Eleven years ago, former Buffalonian Doug Hopkins and his family lived a comfortable, accomplished cookie-cutter life in Connecticut. Doug was a lawyer for the Environmental Defense Fund and co-founder of their Oceans Program.
His wife, Kyle, was an actress and singer, but focused on raising their daughters, Eliza and Abigail. Doug was passionate about his job, but always on the road. Between work, play dates, soccer practice and ballet lessons, life was chaotic.
“We were missing something,” said Doug.
“I wanted to have an experience with my family,” added Kyle, “somewhere we could be together and be away from some of the distraction — the crazy, materialistic culture that was happening.”
So in November 2003, after three years of careful planning, Doug and Kyle sold their life on land and took their daughters aboard a 32-foot sailboat, Estrela. Their quest to find that missing piece turned into a 6-½ year odyssey around the world that reached 27 countries.
They traded the stress of a highly scheduled life of lessons, soccer games and play dates for cooking over an open fire and doing laundry in the river. Instead of attending soccer practice on manicured grass lawns, Eliza and Abigail (9 and 6 when they began their trip), played soccer on a dirt field off the shore of Madagascar with local children. Play dates became snorkeling adventures in Tonga and rainforest exploration in Laos.
And in the deepest poverty of Southern Africa came an epiphany for Doug and Kyle, one that eventually led them both to become teachers.
While the poor lived in cardboard shacks under fragmented roofs, the wealthy lunched within easy sight at a polo club. Open sewers from outhouses ran down the hillsides. Rape was so prevalent that American Peace Corps workers hosted regular self-defense workshops for residents.
Witnessing these social injustices raised a question: What was the key to Southern Africa’s future?
It was Hebron, a Zulu man who cleaned yachts to support his family, who gave them a clear answer.
“Education, education, education,” he said, tears welling in his eyes. “My father had me stop school in sixth grade to watch over the family’s sheep.”
Those words solidified the Hopkins’ new dream: to work together and motivate students to become better global citizens.
“It was so profound, very deep within our souls,” says Kyle. “We saw what education can do around the world, and we saw what happens without it.”
Each experience in their voyage led to that same conclusion, whether it was on land or at sea, aboard their “floating school” where Eliza and Abigail were home-schooled. Education had the power to inspire change.

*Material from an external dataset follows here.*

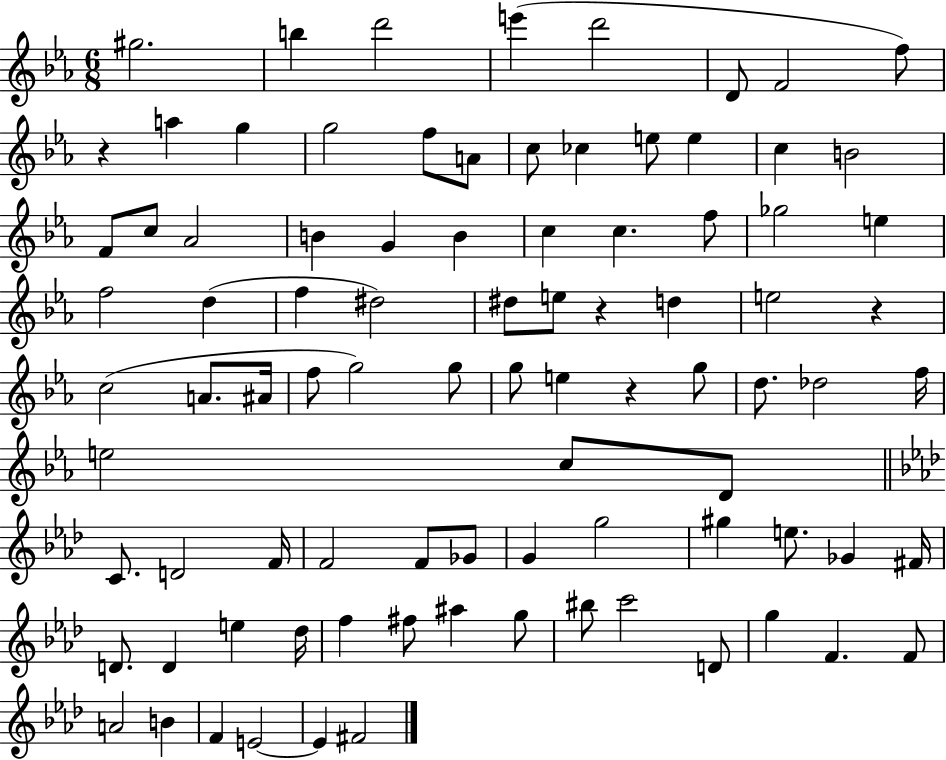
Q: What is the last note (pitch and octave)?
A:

When they returned Buffalo in 2010, they both began teaching at Buffalo Seminary (SEM). Their journey was the muse for co-creating a new, first-ever course in Western New York history. In collaboration with history department colleagues Benjamin Priest, Ph.D., and Molly Greene, they crafted a curriculum for freshman girls to connect with their roots, before studying U.S. and world history in their later years at SEM. It’s the only course of its kind among local high schools.
“The students grow up without a strong sense of place,” said Doug. “To understand the world, we have to first understand our home. That’s what our history course is doing.”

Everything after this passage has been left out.